Is it really decentralized?
Yes, anyone can setup a node for the network, nodes cannot be tampered with and if by some grace of god someone manages to, that node will be black listed by all clients on the network right away. Nodes are only there as a way to tell clients which hash to download and seed for other clients.
I do not really understand how this is possible. Why can not a malicious node start mucking with people?
It’s not, really; ejecting bad nodes is a byzantine consensus problem. But depending on how it’s structured, it could at least raise the bar beyond what a single node acting alone can do to upset things in ways that are easily detectable. Also, a DoS with a very large quantity of false positive items is the most obvious form for an attack to take, and it’s possible that wouldn’t serve the interests of most prospective attackers.
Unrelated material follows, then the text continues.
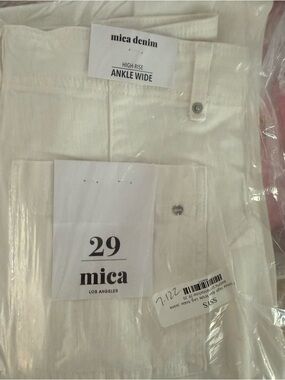 NWT MICA HIGH RISE WIDE LEG ANKLE JEANS IN WHITE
I wonder whether it really runs the “fake item” test on every node, for every new item, as opposed to running it once and propagating that rejection? I also wonder about the topology in which the nodes connect to each other; saying it’s peer-to-peer still leaves a lot of open questions.
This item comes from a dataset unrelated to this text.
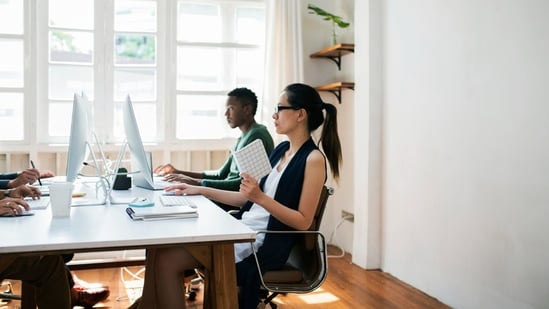 Știai că statul prelungit îți poate anula beneficiile antrenamentelor? Un cardiolog explică de ce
I’m guessing the author says this because values are keyed by their hash which makes it easy to validate the integrity of the data you get from any node.
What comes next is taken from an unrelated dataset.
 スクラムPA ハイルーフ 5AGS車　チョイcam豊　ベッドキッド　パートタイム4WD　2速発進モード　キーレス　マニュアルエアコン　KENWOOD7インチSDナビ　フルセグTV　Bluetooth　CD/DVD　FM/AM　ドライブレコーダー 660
I think there are other attacks on a Kademlia DHT which still work though, detailed in the S/Kademlia paper, for which S/Kademlia proposes some solutions and mitigations.
It makes it easy to validate that the address matches the data. It is still hard to determine if the data represents the desired content, so in this case they “crawling the raw text of a plethora of websites”. So its only as distributed as whatever that boils down to.